On Monday, January 17, 2011, Jim Flaherty, Minister of Finance along with Christian Paradis, Minister of Natural Resources announced new mortgage rules aimed at reducing some of the risk in the Canadian mortgage market after mounting concerns over rising consumer debt levels in Canada.
“Canada’s well-regulated housing sector has been an important strength that allowed us to avoid the mistakes of other countries and helped protect us from the worst of the recent global recession,” said Minister Flaherty.
With household debt in Canada reaching a record 148% of disposable income in third quarter of 2010, exceeding the US level of 147%. The government wants to ensure there is no US style mortgage meltdown in Canada as interest rates are anticipated to rise in 2011.
The rules are aimed at promoting responsible lending and borrowing in Canada while encouraging people to increase their home equity.
Three new mortgage rules were announced including:
Reduce the maximum amortization period to 30 years from 35 years for new government-backed insured mortgages with loan-to-value ratios of more than 80%.
Effective March 18, 2011
This will significantly reduce the total interest payments Canadian families make on their mortgages, allow Canadian families to build up equity in their homes more quickly, and help Canadians pay off their mortgages before they retire.
Lower the maximum amount Canadians can borrow in refinancing their mortgages to 85% from 90% of the value of their homes.
Effective March 18, 2011
This will promote saving through home ownership and limit the repackaging of consumer debt into mortgages guaranteed by taxpayers.

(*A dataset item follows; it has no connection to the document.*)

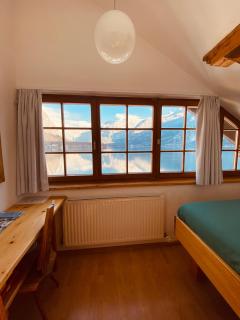 Pension Hallberg - 3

Withdraw government insurance backing on lines of credit secured by homes, such as home equity lines of credit, or HELOCs.
Effective April 18, 2011
This will ensure that risks associated with consumer debt products used to borrow funds unrelated to house purchases are managed by the financial institutions and not borne by taxpayers.
“The prudent measures announced today build on that advantage by encouraging hard-working Canadian families to save by investing in their homes and future,” added Flaherty.

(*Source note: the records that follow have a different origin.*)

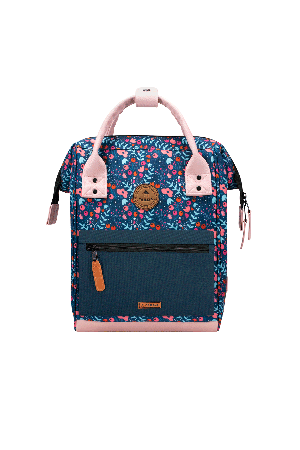 Petit sac à dos HONFLEUR Cabaïa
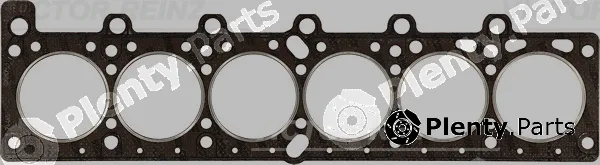 Victor Reinz 61-24465-50 — Gasket, cylinder head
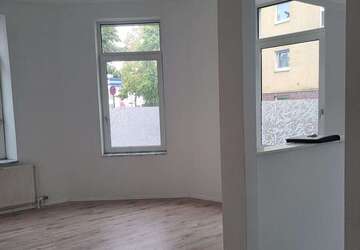Wohnung Krefeld Krefeld-Mitte - 2 Zimmer, 56 m&sup2;, 495&euro; | Angebot:27327071
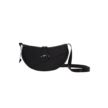 Nike NK AURA CRESCENT CROSSBODY HQ4370-010
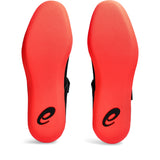 Asics Unisex Throw Pro 3 Track & Field Shoe-3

“The economy continues to be our Government’s top priority,” continued Minister Paradis. “Our Government will continue to take the necessary actions to ensure stability and economic certainty in Canada’s housing market.”

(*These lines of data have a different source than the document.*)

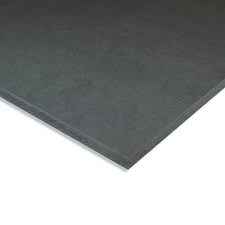 Maybe you would like to learn more about one of these? Black Mdf Cut To Size Solid Coloured Black Mdf Board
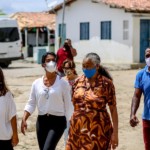 Foto: Danillo França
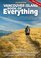 Vancouver Island Book of Everything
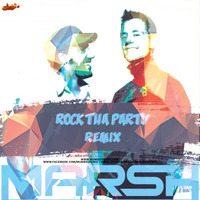 ROCK THIS PARTY (REMIX) DJ MARSH by MumbaiRemix India™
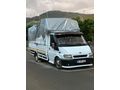 Sahibinden Ford Trucks Transit 350 ED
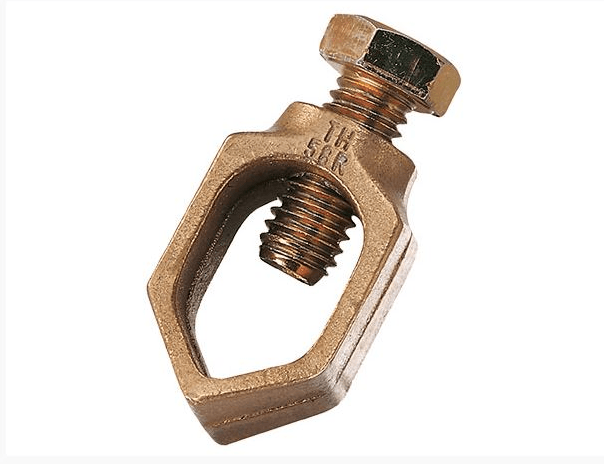 Conector_Haste_Terra_Intelli__2822_2715230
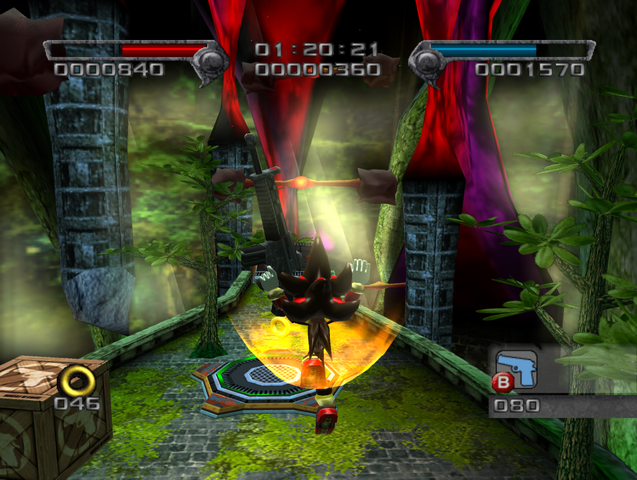 File:DEATHEXP9.png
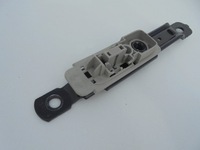 фото thumb №8, Pulsar 1.5 dci регулювання поперечина повзунок 6096312a 2014-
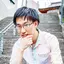 HiroakiMouriのプロフィール画像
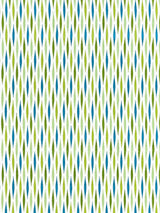 Scalamandre Cascade Embroidery Seagrass Fabric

This move is widely viewed as a measure to influence the Canadian mortgage market and Canadians debt levels without resorting to interest rate hikes. It gives the Bank of Canada and Mark Carney much more flexibility and allows him to keep Canadian interest rates low thereby putting less pressure on the overall Canadian economy.
The government is implementing a policy that will affect a subset of borrowers instead of the entire economy.
The 2011 Mortgage Changes in Detail:
1) Change Maximum Amortization Period to 30 YEARS:
A typical mortgage in Canada will have a term of five years or less at which time it can be renewed with a specific amortization period in which the entire mortgage must be paid off.
The new rules which come in effect on March 18, 2011 (only applies to mortgages with less than a 20% down payment) will reduce the maximum amortization period from 35 years to 30 years resulting in a moderate increase in the monthly payment along with a significant reduction in the total interest paid over the amortization period.
A typical $300,000 mortgage with a 5% interest rate will see monthly payments increase by $97.00 per month from $1,504 (35 year amortization) to $1,601 (30 year amortization) and result in a total $55,404 interest savings over the life of the mortgage.
2) Lower Maximum Refinancing To 85% Loan-to-Value Ratio:
Canadian borrowers can refinance their mortgages to increase the amount of the loan secured against their home.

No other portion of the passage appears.